RECORDED INFORMATION:
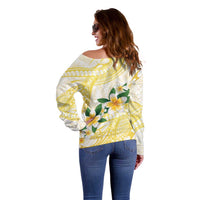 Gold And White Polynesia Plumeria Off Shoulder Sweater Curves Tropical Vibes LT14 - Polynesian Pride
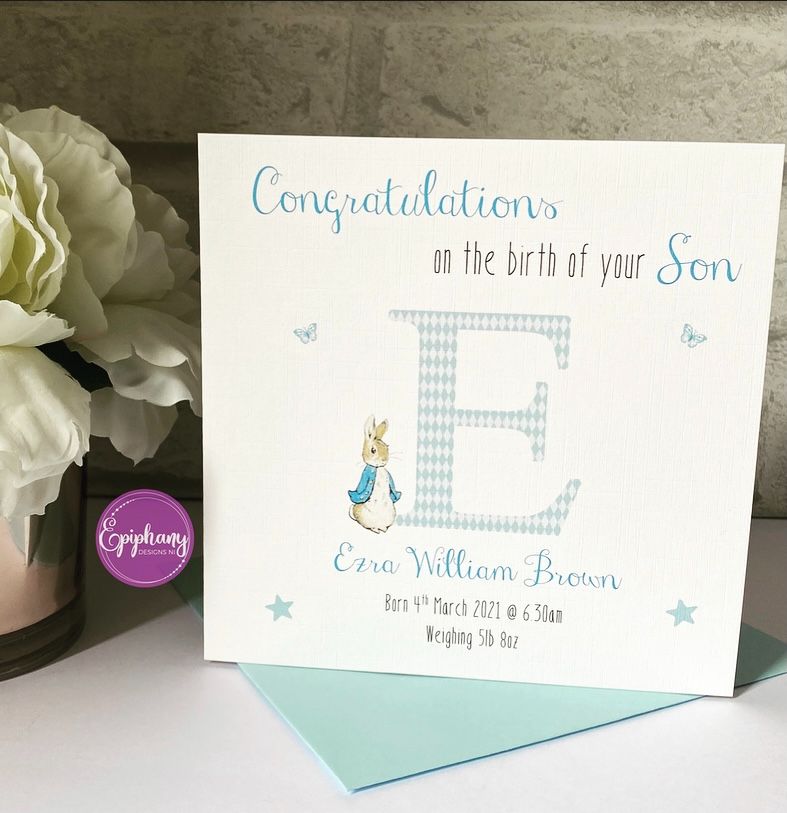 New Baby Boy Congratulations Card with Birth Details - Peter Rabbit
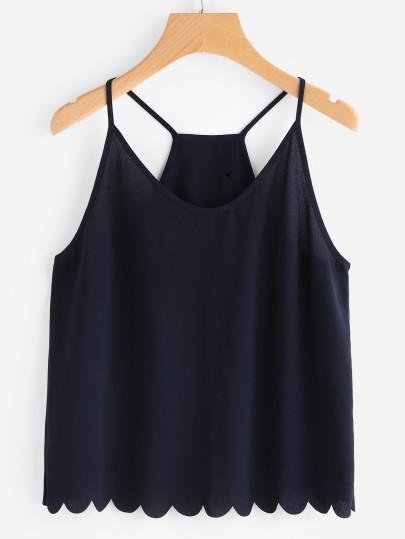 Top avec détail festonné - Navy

PROBLEM DETAILS:
Everything but the pictures is needed: copy the data above exactly.

EXERCISE RESPONSE:
 Gold And White Polynesia Plumeria Off Shoulder Sweater Curves Tropical Vibes LT14 - Polynesian Pride
 New Baby Boy Congratulations Card with Birth Details - Peter Rabbit
 Top avec détail festonné - Navy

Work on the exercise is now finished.